● **Your instructions**:
All the data below goes into the copy word for word, but the pictures don't.

[Study material — start]

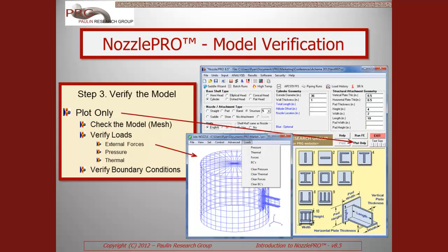With the model and analysis options fully configured, by clicking the Plot Only button, the user is presented with a 3D model of the FEA mesh. In this pop-up window, the user can also verify the model orientation, the defined forces, pressure conditions, and boundary conditions applied to the model.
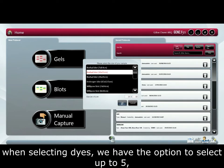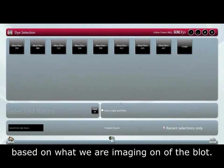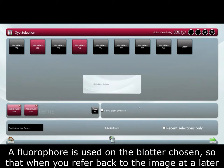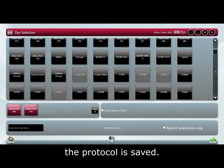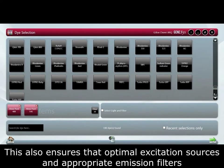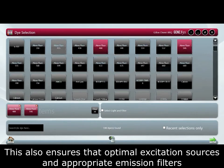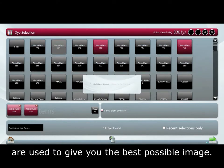When selecting dyes, we have the option to select up to 5 based on what we are imaging on the blot. The fluorophores used on the blot are chosen so that when you refer back to the images later at a later date, the protocol is saved. This also ensures that optimal excitation sources and appropriate emission filters are used to give you the best possible image.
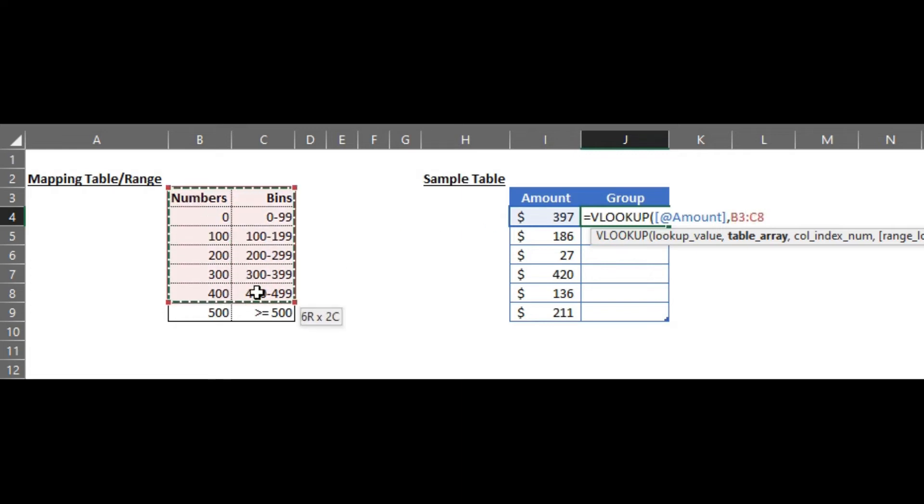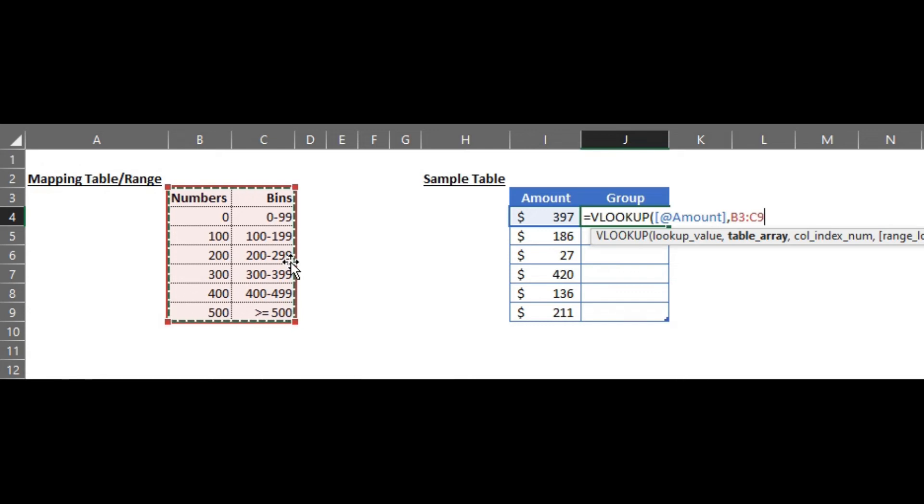And next will be the table array. This is the table array in this example, the mapping table or the range. And I keep saying it's always a good practice to freeze the range.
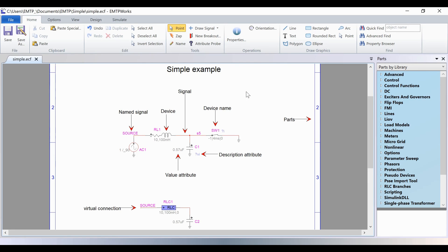The Draw graphics section is used to annotate or add graphics to the design. The goal is to provide extra information or comments so other users can understand your designs.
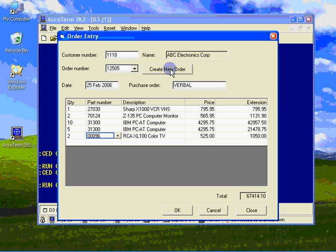There are still other enhancements that can be made, like searching for the desired customer or adding comments. Just use your imagination.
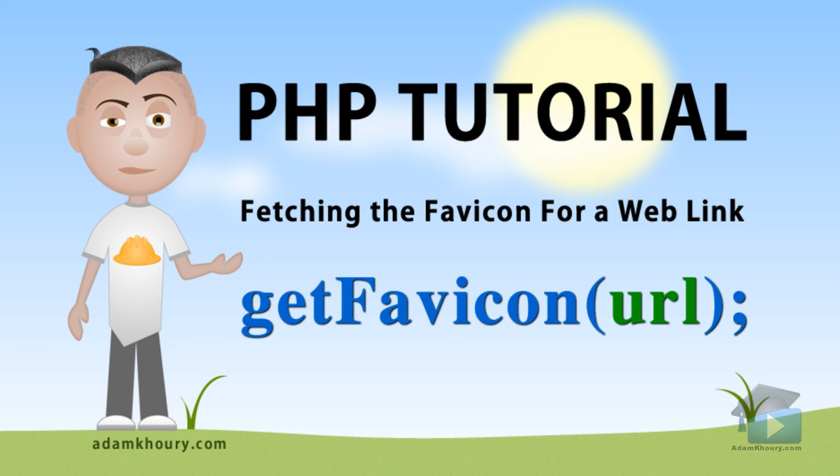Are you up for programming a little bit of PHP? In this PHP programming lesson we will demonstrate how to get the favicon image icon from a URL dynamically.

[Study material — finish]

● **Your response**:
With the model and analysis options fully configured, by clicking the Plot Only button, the user is presented with a 3D model of the FEA mesh. In this pop-up window, the user can also verify the model orientation, the defined forces, pressure conditions, and boundary conditions applied to the model.
When selecting dyes, we have the option to select up to 5 based on what we are imaging on the blot. The fluorophores used on the blot are chosen so that when you refer back to the images later at a later date, the protocol is saved. This also ensures that optimal excitation sources and appropriate emission filters are used to give you the best possible image.
And next will be the table array. This is the table array in this example, the mapping table or the range. And I keep saying it's always a good practice to freeze the range.
The Draw graphics section is used to annotate or add graphics to the design. The goal is to provide extra information or comments so other users can understand your designs.
There are still other enhancements that can be made, like searching for the desired customer or adding comments. Just use your imagination.
Are you up for programming a little bit of PHP? In this PHP programming lesson we will demonstrate how to get the favicon image icon from a URL dynamically.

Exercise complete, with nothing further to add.